Scan the records beneath this line for the line holding "IOD* - Mundane Existence (CD, Album)" and the line holding "Neuf 3* Pour", then transcribe exactly those two and all lines between.

**DATA SHOWN**
◇ ◇ ◇

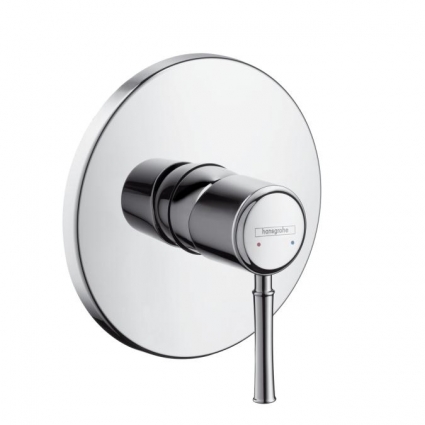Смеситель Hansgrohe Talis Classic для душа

◇ ◇ ◇

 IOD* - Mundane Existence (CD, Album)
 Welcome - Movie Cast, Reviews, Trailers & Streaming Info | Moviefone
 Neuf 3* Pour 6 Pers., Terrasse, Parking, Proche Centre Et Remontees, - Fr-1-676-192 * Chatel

◇ ◇ ◇

**WRITTEN RESPONSE**
 IOD* - Mundane Existence (CD, Album)
 Welcome - Movie Cast, Reviews, Trailers & Streaming Info | Moviefone
 Neuf 3* Pour 6 Pers., Terrasse, Parking, Proche Centre Et Remontees, - Fr-1-676-192 * Chatel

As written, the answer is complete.